SOURCE MATERIAL ▸
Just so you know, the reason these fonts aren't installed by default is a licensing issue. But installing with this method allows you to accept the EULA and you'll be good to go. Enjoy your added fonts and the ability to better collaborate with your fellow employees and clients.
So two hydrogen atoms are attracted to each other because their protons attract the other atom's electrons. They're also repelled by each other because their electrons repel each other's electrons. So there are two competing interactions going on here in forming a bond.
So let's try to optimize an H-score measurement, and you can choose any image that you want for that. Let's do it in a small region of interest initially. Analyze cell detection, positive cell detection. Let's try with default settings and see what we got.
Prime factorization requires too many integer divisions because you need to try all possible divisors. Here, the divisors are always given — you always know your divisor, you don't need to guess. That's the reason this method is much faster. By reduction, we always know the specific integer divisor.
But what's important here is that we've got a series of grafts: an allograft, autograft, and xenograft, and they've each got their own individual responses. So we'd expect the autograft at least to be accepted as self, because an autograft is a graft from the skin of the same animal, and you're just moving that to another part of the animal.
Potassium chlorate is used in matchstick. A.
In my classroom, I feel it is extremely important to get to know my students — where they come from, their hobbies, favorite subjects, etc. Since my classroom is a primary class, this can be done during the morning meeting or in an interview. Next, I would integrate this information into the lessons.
--
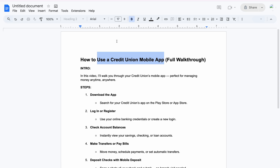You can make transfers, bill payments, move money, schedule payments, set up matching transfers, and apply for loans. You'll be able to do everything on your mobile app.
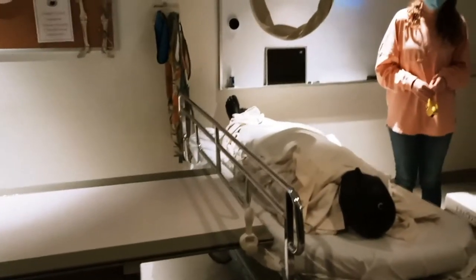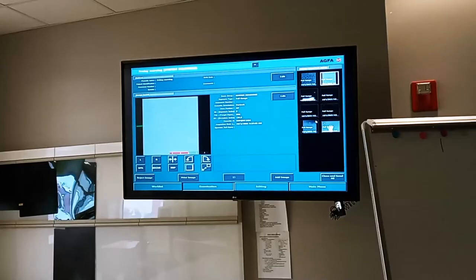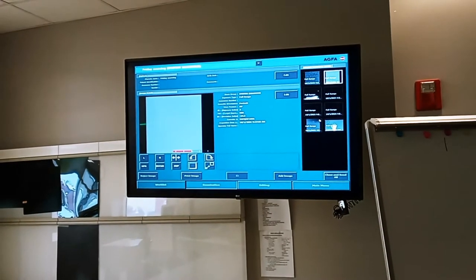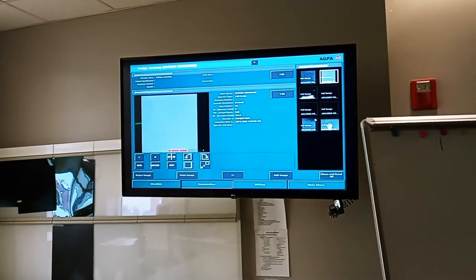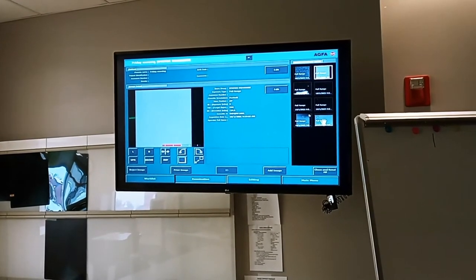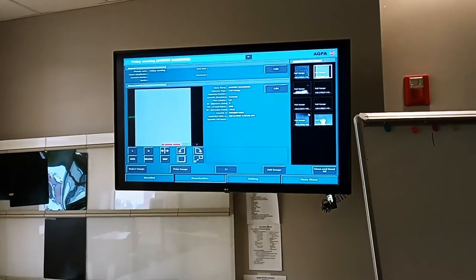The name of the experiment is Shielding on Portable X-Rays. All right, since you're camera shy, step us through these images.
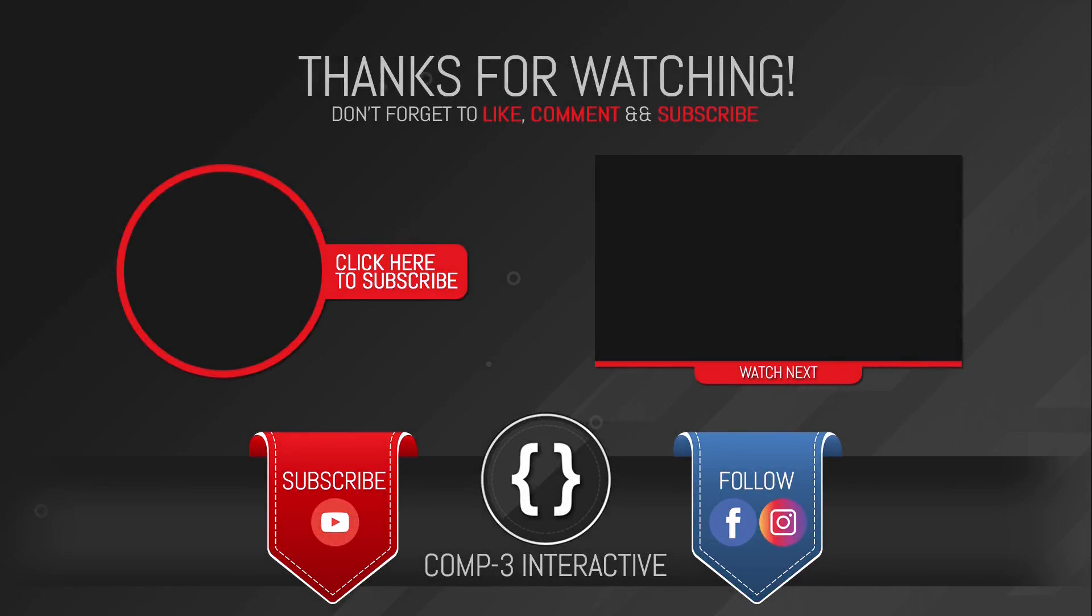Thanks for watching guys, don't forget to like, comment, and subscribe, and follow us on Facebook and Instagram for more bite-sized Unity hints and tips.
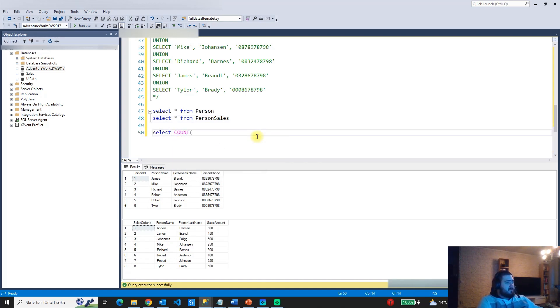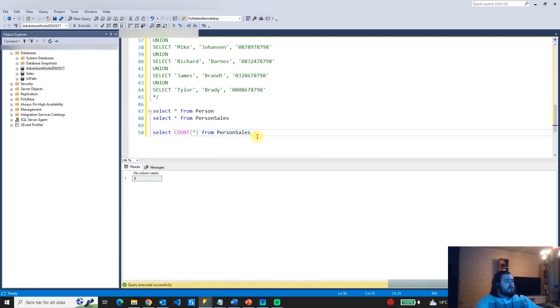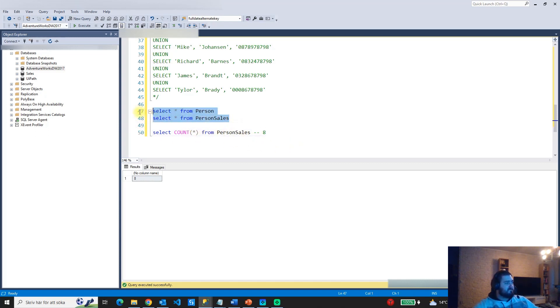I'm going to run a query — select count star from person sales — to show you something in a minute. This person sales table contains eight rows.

TASK BRIEF ▸ Retype only this portion of the data above: the line containing "Potassium chlorate is used in matchstick. A.", the line containing "In my classroom, I", and all lines between them, exactly.

EXPECTED ANSWER ▸
Potassium chlorate is used in matchstick. A.
In my classroom, I feel it is extremely important to get to know my students — where they come from, their hobbies, favorite subjects, etc. Since my classroom is a primary class, this can be done during the morning meeting or in an interview. Next, I would integrate this information into the lessons.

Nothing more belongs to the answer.